Washington welcomes back its top seven scorers, including all five starters, from a team that finished second in the Pac-10 and reached the NCAA tournament for the first time since 1999. Add two new key additions to the mix, and this veteran Husky team has the look of a conference champion.
"We've talked about our youth the last two years," said third-year coach Lorenzo Romar. "This year, we're not youthful."
The Huskies received a major boost in the offseason when standout guard Nate Robinson removed his name from the NBA Draft and opted to return to school.
FRONTCOURTBobby Jones, Mike Jensen and Hakeem Rollins will be counted on to boost the inside play with stronger rebounding.
Jones led the team in offensive rebounds last season and has the best all-around game of the three primary frontcourt players. Romar calls Jones "Mr. Intangible" because he does so much more than what shows up on the stat sheet.
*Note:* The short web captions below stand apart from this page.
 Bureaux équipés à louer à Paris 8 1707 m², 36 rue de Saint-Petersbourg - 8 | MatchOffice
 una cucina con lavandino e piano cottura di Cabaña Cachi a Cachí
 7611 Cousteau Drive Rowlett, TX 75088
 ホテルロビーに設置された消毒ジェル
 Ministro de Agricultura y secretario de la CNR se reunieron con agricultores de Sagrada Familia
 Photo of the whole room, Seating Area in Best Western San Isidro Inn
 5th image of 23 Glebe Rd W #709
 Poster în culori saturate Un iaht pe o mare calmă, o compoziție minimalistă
Jensen came on strong during the Huskies' late-season surge and will be expected to pick up where he left off. He has the ability to make 3-pointers (24-of-58, 41 percent last year) and could see his scoring average (7.6) increase as he takes on a larger role in the offense.
Rollins, who ranked fifth in the Pac-10 in blocked shots (1.2), will again be one of the first players off the bench.
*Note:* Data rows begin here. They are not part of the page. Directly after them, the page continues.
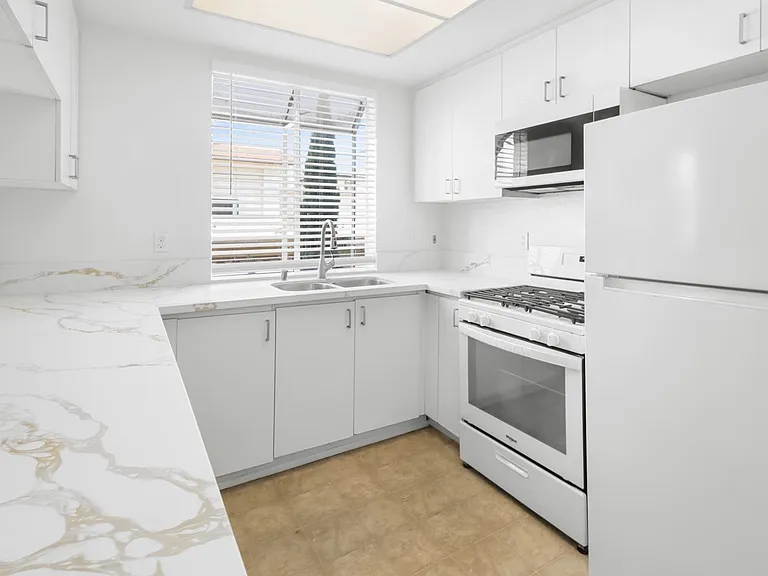 1828 Purdue Ave #203 — Photo 6
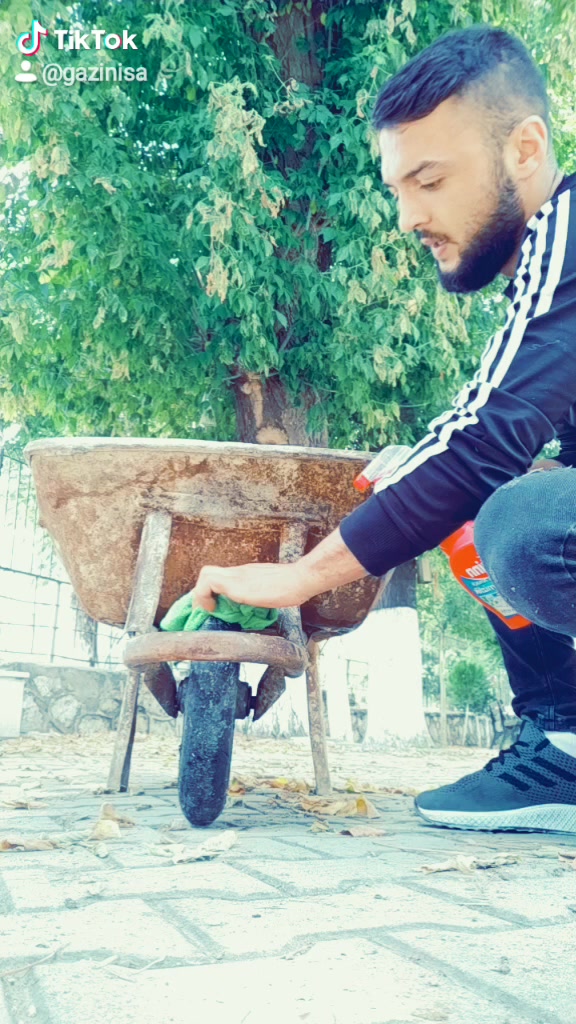 @Gözlüklü Adam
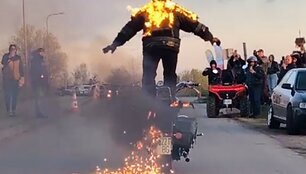 Rytis Rafaelis Mežonis užfiksavo ekstremalų rekordą, važiuodamas motociklu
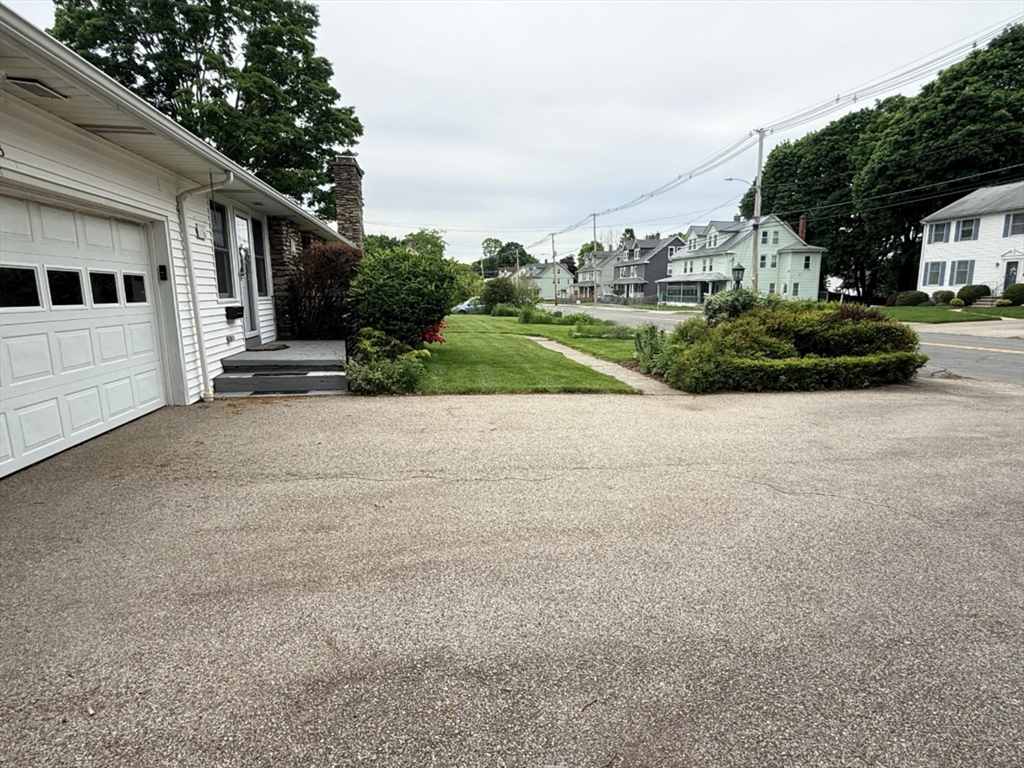 33 Slater Street Webster, MA 01570 - Photo 22 of 24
The Huskies plan to find playing time for newcomers Jamaal Williams and Joel Smith, a pair of talented small forwards. Williams sat out last season after transferring from New Mexico, where he averaged 11.3 points and 5.1 rebounds as a sophomore. He is strong around the glass and should boost Washington's rebounding. Smith, a freshman, has the ability to play right away if Romar can find a spot for him in a deep lineup.
BACKCOURTThe 5-foot-9 Robinson, who came to Washington on a football scholarship, has earned the nickname "Nate the Great" because of his ability to take over games with his scoring, defense and enthusiasm.
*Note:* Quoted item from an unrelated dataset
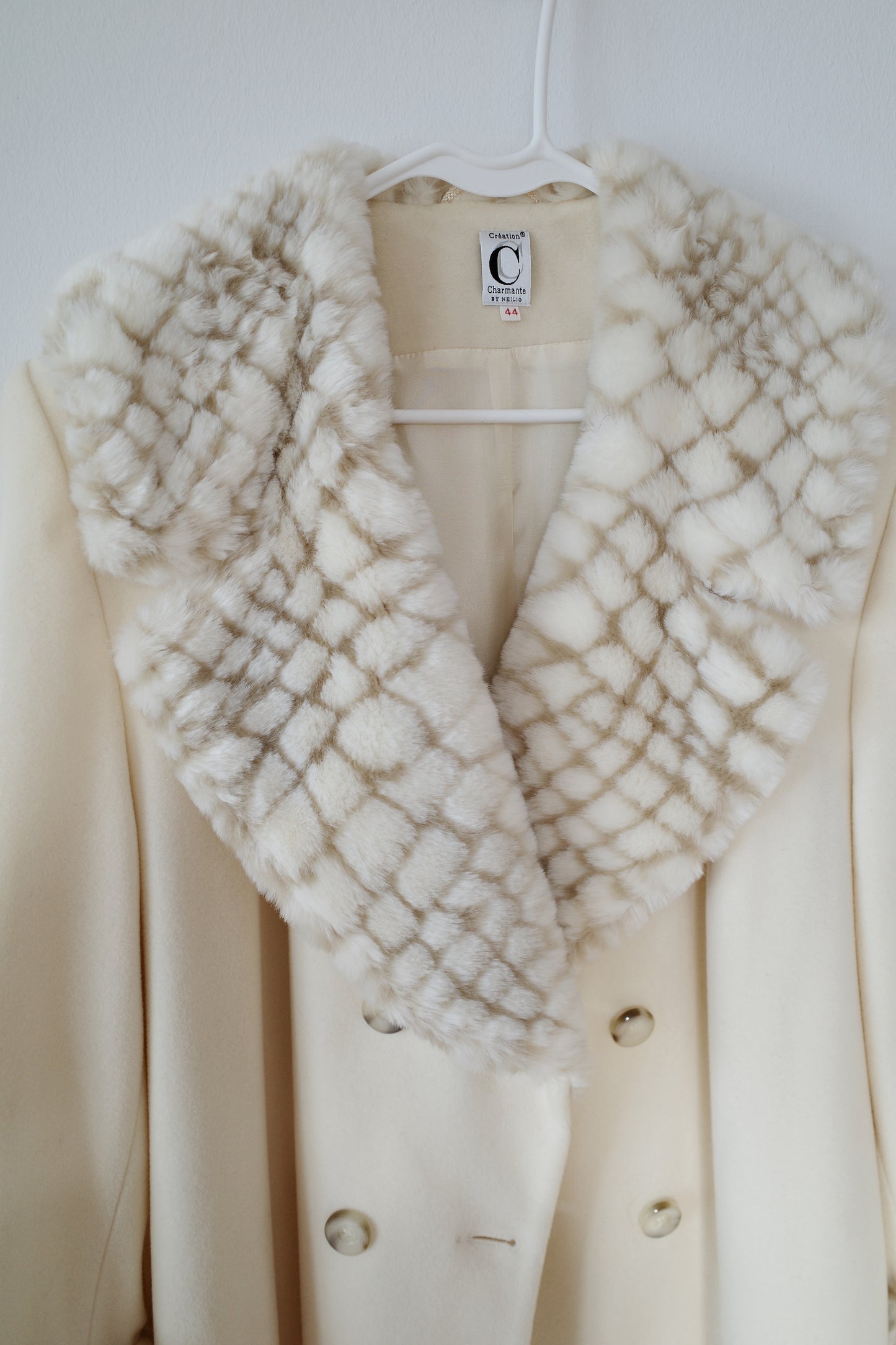 VINTAGE FAUX FUR COAT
"He's a potential All-America candidate," Romar said. "He's a guy our guys feed off of in terms of energy."
Robinson will have plenty of support in the three-guard attack from fellow starters Brandon Roy and Will Conroy and key reserve Tre Simmons.
Roy, a local product, emerged as a consistent scoring threat in his first full season in a Washington uniform. He was second on the team in scoring (12.9 ppg) and led the club in rebounding (5.3 rpg).
"I anticipate him having a big year for us," Romar said. "He'll have the ball in his hands quite a bit."
Though Robinson can, and often does, handle the point, Conroy is the Huskies' primary playmaker. A former walk-on, Conroy has improved each year of his career and has shown the ability to hit key buckets late in games.
Simmons, a former junior college transfer, thrives in transition on a team that loves to get up and down the court.
"He could be our most improved player," Romar said. "He could have a big-time year for us."
Finding enough playing time to keep everyone happy in the backcourt could be a problem, but Romar puts the pressure on the players to figure that out.
"If they produce, they'll tell us who should be playing," Romar said.
FINAL ANALYSISThere has never been this much hype surrounding Husky basketball, a program that usually plays in the shadow of the school's football team. Washington is loaded, and Robinson hopes to be the Jameer Nelson of the 2004-05 season after delaying his entry into the NBA.
The Huskies started 0-5 in conference last year before winning 12 of their next 13, but a slow start shouldn't be a problem this season. Their potent three-guard attack, combined with an improved inside game, should put them in the thick of the Pac-10 title chase all season long.